Version:

Custom Predictive Features

Code your own custom predictive features

While automated features are incredibly useful for quickly deploying activity-based churn scores, data teams inevitably want to go deeper and define custom predictions that match their unique business logic and KPIs.

Basic customization is possible in the UI as we covered above, but Predictions also supports a code-based workflow that gives technical users full control and complete customizability, as well as the ability to integrate the process into their existing development workflow.

For example, if you are an eCommerce company, it can be helpful to predict whether or not a user will make a purchase over a certain dollar amount, over the next n days.

RudderStack makes it easy to migrate from the UI-based workflow to the code-based workflow to build these more complex use cases.

Download project files

On the Profiles screen, find your project and click the Download this Project button on the top right side. This will download all the files for that Profiles project in a compressed (zip) file including the modeling files.

Predictive features in Snowflake

Inside the Profiles folder you will find pb_project.yaml and a models folder with resources.yaml.

RudderStack QuickStart
├── pb_project.yaml
├── models
│   ├── resources.yaml

pb_project.yaml

pb_project.yaml is the main configuration file for the Profiles project. The top section defines the name, schema_version, connection, and model_folder (where the files that define the details of the Profiles project can be found).

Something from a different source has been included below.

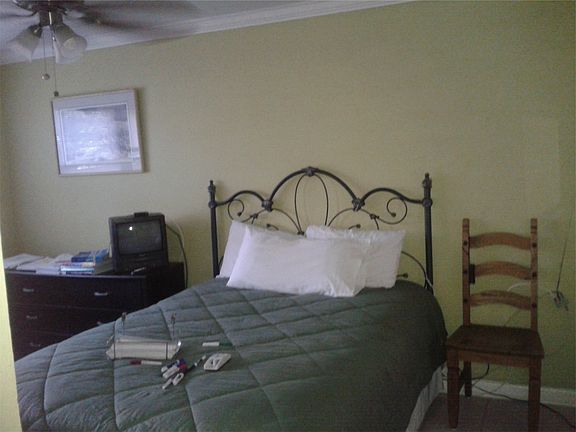 5th image of 422 Marlington St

Update the following values:

  • name to Profile-Quickstart to match the name in the UI.
  • connection to QUICKSTART to match the database connection we made in the Prerequisites section.
name: Profile-QuickStart
schema_version: 84 # Or most recent version
connection: QUICKSTART
model_folders:
    - models

Below there is an entities section that defines the entities and the kinds of ID’s make up that entity. An entity is a business concept or unit that will be used to build the identity graph and features. Projects can contain multiple entities like user, household, and organization.

For this project, there is one entity called user with 5 different types of IDs. An ID type maps which ID fields can be joined together. For example, if you have two tables with user_id columns called id and userid, by giving each the type user_id Profiles knows to join those tables on those columns.

The ID fields are already mapped to these types in the UI. Nothing needs to be updated in this section.

entities:
  - name: user
    id_types:
      - main_id
      - user_id
    feature_views:
      using_ids:
        - id: email
          name: features_by_email
        - id: salesforce_id
          name: salesforce_id_stitched_features
      features:
        - from: models/cart_feature_table
          include:
            - "*"

Finally there is a packages section. This section allows you to import a Profiles project from GitHub and use the feature definitions from that project in this one. The imported project provides the definitions for the standard features selected in the UI. Nothing needs to be updated in this section.

packages:
    - name: base_features
      url: https://github.com/rudderlabs/rudderstack-profiles-multieventstream-features
      inputsMap: # These are the tables automatically mapping in the UI (TRACKS, PAGES, IDENTIFIES)
        rsIdentifies_1: inputs/rsIdentifies_1
        rsIdentifies_2: nil
        rsIdentifies_3: nil
        rsPages_1: inputs/rsPages_1
        rsPages_2: nil
        rsPages_3: nil
        rsTracks_1: inputs/rsTracks_1
        rsTracks_2: nil
        rsTracks_3: nil
      overrides: # By default all features are imported from the project, therefore the features we did not select need to be disabled
        - requested_enable_status: disabled
          models:
            - entity/user/active_days_in_past_365_days
            - entity/user/active_days_in_past_7_days
            - entity/user/avg_session_length_in_sec_365_days
            - entity/user/avg_session_length_in_sec_last_week
            - entity/user/avg_session_length_in_sec_overall
            - entity/user/campaign_sources
            - entity/user/campaigns_list
            - models/churn_7_days_model
            - models/churn_90_days_model
            - entity/user/country
            - entity/user/currency
            - entity/user/days_since_account_creation
            - entity/user/days_since_last_seen
            - entity/user/first_campaign_name
            - entity/user/is_churned_7_days
            - entity/user/last_campaign_name
            - entity/user/last_source_name
            - entity/user/max_timestamp_bw_tracks_pages
            - entity/user/mediums_list
            - entity/user/sources_list
            - entity/user/total_sessions_365_days
            - entity/user/total_sessions_till_date

resource.yaml

resources.yaml contains two main sections: inputs and var_groups.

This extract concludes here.